§ **Your goal**
Of the records that follow, copy only the lines from the line containing "Chambre duo vintage" to the line containing "Vestido Leasgill Plisado Marron", both included, exactly as written.

§ **Listed entries**
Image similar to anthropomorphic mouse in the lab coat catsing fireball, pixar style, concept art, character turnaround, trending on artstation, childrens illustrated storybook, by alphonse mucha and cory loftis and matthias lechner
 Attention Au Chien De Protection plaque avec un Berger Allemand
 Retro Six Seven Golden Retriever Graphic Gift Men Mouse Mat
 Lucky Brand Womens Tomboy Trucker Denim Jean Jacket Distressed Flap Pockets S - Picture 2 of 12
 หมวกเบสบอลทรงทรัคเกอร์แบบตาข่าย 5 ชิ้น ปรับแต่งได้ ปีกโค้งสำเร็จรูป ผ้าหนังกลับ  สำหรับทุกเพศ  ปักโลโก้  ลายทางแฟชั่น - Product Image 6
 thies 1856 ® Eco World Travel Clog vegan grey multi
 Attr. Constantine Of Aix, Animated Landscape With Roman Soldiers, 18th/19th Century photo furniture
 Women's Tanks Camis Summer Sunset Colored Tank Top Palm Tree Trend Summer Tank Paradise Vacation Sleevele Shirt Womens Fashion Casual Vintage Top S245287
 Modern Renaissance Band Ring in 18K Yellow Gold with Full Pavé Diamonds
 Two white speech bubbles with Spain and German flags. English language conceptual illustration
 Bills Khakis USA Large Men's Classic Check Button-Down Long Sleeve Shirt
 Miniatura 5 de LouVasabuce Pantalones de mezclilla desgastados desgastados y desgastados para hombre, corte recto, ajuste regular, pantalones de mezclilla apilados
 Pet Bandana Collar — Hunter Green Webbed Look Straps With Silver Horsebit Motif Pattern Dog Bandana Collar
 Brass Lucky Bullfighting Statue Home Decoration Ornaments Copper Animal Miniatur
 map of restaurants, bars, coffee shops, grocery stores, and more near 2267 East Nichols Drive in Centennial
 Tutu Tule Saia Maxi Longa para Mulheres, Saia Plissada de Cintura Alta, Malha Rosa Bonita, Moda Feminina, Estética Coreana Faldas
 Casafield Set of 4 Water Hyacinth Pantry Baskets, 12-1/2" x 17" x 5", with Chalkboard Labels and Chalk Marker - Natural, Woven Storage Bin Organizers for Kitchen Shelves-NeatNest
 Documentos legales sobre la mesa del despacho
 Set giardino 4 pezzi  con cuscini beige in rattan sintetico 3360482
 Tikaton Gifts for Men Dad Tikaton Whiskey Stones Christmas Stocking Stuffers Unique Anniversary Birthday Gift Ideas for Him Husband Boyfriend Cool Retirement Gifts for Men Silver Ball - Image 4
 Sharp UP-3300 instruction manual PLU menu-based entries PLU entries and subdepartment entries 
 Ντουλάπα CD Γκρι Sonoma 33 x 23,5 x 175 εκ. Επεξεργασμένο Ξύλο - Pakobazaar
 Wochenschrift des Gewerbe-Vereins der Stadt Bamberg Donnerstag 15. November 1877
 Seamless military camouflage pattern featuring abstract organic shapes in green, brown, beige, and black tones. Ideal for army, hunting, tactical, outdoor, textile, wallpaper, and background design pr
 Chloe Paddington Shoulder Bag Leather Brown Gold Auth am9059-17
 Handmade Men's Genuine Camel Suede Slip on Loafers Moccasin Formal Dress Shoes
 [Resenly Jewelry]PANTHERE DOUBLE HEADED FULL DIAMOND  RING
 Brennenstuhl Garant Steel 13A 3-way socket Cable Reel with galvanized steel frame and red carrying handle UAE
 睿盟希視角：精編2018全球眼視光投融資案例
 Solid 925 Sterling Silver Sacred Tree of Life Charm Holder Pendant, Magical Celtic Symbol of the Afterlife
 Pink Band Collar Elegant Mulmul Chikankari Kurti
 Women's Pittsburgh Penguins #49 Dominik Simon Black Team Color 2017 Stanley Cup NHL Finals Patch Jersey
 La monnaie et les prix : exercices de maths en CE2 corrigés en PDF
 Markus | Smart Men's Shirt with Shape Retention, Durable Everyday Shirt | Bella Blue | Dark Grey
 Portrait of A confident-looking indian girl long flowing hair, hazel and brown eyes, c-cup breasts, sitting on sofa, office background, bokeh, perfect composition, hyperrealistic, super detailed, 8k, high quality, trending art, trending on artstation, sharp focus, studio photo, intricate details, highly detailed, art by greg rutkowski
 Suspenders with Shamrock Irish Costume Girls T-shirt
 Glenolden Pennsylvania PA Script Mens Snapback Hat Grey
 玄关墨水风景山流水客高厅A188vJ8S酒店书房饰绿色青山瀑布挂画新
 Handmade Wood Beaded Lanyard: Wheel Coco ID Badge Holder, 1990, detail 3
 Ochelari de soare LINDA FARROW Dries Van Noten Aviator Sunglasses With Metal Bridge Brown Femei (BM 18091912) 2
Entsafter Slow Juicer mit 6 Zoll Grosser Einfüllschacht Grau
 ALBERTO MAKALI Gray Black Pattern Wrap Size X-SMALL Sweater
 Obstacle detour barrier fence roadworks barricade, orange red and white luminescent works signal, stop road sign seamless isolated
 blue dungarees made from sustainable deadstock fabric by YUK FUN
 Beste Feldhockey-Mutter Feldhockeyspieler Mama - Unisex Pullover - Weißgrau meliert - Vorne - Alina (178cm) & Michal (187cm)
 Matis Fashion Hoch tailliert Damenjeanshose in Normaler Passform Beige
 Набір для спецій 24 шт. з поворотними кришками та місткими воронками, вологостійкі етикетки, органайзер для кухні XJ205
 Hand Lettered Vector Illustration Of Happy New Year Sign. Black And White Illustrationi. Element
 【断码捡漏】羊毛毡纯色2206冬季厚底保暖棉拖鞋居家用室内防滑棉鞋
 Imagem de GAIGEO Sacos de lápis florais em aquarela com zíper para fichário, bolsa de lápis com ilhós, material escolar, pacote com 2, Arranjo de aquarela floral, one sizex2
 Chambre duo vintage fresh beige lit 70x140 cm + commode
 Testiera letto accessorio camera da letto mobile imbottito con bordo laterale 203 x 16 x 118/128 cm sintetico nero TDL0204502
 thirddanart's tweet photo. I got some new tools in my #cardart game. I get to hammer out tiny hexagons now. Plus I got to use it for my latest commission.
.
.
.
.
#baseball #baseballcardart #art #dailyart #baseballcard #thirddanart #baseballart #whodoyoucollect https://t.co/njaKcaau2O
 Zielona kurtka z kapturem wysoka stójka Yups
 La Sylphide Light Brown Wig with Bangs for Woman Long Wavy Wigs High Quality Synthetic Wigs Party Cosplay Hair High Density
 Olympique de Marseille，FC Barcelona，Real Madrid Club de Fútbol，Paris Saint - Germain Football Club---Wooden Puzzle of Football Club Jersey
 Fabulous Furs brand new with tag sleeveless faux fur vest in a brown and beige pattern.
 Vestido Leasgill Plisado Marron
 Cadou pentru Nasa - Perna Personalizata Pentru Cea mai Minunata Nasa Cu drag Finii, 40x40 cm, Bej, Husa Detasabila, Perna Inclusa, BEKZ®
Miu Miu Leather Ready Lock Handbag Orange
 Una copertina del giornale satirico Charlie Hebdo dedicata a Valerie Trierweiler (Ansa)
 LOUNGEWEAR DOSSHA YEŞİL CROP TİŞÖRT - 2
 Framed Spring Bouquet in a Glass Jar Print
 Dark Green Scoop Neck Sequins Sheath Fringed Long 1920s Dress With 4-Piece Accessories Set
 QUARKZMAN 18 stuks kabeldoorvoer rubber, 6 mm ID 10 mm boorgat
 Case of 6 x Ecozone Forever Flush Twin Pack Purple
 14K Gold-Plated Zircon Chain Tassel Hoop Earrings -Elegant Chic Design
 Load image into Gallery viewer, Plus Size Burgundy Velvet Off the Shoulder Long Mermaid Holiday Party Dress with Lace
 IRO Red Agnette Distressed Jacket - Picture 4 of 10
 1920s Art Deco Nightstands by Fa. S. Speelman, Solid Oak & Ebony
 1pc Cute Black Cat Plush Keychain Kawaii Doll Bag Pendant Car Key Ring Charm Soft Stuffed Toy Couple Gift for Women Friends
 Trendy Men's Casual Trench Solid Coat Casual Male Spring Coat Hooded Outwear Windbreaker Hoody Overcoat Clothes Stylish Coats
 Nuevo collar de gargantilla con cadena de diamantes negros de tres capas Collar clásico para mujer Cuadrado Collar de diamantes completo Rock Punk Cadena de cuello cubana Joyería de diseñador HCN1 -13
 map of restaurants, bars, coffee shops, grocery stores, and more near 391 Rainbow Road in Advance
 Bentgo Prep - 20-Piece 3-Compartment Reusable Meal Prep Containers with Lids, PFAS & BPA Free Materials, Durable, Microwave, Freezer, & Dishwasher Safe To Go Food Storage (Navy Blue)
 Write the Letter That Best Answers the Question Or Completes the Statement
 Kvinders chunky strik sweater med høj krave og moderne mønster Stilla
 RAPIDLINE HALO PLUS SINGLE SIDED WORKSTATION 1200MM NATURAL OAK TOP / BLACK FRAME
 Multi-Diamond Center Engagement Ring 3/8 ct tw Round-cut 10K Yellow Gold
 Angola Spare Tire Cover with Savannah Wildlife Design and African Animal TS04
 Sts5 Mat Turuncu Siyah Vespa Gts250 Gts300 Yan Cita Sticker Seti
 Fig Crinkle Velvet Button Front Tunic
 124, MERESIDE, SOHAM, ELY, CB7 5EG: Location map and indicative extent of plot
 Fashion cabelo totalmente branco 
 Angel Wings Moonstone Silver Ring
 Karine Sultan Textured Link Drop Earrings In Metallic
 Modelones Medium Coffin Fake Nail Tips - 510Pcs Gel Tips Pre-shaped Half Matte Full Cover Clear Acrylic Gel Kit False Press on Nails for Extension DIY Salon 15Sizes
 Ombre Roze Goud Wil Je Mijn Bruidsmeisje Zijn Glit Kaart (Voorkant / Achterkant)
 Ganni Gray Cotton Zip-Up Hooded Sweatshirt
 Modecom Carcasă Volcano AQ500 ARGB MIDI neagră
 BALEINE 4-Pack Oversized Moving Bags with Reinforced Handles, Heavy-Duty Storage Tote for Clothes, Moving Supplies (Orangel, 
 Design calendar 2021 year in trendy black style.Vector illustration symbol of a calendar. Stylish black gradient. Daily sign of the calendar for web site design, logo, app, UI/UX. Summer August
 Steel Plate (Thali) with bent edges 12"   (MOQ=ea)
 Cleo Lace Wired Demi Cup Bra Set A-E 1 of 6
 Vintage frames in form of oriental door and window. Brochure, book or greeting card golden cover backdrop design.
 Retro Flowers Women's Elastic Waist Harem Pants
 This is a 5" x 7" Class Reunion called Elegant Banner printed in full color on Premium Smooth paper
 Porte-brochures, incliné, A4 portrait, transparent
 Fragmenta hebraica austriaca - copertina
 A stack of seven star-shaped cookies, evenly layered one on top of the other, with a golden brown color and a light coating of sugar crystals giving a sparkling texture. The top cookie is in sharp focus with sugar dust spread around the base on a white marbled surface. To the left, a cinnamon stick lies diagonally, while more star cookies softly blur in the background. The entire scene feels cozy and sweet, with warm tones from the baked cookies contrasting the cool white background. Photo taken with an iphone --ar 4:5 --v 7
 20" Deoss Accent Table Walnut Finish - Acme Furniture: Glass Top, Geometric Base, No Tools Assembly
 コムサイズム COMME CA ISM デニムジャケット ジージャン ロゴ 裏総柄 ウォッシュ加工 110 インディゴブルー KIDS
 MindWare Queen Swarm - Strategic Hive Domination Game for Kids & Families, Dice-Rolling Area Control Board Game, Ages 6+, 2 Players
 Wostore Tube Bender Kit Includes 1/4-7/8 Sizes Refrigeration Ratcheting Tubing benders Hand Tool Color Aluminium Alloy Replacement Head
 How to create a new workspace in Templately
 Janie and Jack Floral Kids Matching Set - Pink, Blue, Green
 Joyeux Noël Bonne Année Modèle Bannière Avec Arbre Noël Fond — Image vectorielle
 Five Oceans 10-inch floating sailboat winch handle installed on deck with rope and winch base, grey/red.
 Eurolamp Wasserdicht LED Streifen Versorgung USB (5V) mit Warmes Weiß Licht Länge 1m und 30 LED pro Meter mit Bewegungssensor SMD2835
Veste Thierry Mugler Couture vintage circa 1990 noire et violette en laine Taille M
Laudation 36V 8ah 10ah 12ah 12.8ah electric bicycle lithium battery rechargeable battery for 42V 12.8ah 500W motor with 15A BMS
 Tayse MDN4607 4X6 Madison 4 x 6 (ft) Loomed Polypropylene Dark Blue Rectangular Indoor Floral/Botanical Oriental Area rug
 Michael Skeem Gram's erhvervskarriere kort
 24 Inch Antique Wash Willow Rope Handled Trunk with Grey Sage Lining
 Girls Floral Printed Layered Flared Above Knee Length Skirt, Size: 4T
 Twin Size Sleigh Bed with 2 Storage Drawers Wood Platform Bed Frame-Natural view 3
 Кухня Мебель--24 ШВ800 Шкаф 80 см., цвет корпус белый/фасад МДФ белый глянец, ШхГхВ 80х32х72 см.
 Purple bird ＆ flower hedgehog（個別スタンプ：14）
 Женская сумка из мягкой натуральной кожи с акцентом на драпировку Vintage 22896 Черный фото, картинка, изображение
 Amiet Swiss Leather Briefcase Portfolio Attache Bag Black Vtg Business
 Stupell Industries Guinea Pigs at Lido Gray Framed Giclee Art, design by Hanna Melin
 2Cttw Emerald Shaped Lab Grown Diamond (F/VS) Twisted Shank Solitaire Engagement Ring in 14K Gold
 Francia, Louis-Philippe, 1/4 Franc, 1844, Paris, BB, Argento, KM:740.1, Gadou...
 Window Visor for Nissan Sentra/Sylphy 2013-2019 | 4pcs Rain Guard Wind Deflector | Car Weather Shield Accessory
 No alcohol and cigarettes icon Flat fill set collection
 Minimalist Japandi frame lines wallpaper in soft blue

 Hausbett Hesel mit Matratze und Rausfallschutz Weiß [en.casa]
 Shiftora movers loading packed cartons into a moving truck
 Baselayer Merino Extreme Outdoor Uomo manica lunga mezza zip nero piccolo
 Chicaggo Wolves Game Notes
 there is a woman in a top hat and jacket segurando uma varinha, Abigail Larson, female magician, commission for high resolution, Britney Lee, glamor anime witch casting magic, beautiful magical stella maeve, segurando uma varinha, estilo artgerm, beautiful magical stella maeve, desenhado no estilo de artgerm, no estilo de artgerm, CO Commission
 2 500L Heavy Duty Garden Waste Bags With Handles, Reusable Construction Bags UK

§ **Problem solution**
 Chambre duo vintage fresh beige lit 70x140 cm + commode
 Testiera letto accessorio camera da letto mobile imbottito con bordo laterale 203 x 16 x 118/128 cm sintetico nero TDL0204502
 thirddanart's tweet photo. I got some new tools in my #cardart game. I get to hammer out tiny hexagons now. Plus I got to use it for my latest commission.
.
.
.
.
#baseball #baseballcardart #art #dailyart #baseballcard #thirddanart #baseballart #whodoyoucollect https://t.co/njaKcaau2O
 Zielona kurtka z kapturem wysoka stójka Yups
 La Sylphide Light Brown Wig with Bangs for Woman Long Wavy Wigs High Quality Synthetic Wigs Party Cosplay Hair High Density
 Olympique de Marseille，FC Barcelona，Real Madrid Club de Fútbol，Paris Saint - Germain Football Club---Wooden Puzzle of Football Club Jersey
 Fabulous Furs brand new with tag sleeveless faux fur vest in a brown and beige pattern.
 Vestido Leasgill Plisado Marron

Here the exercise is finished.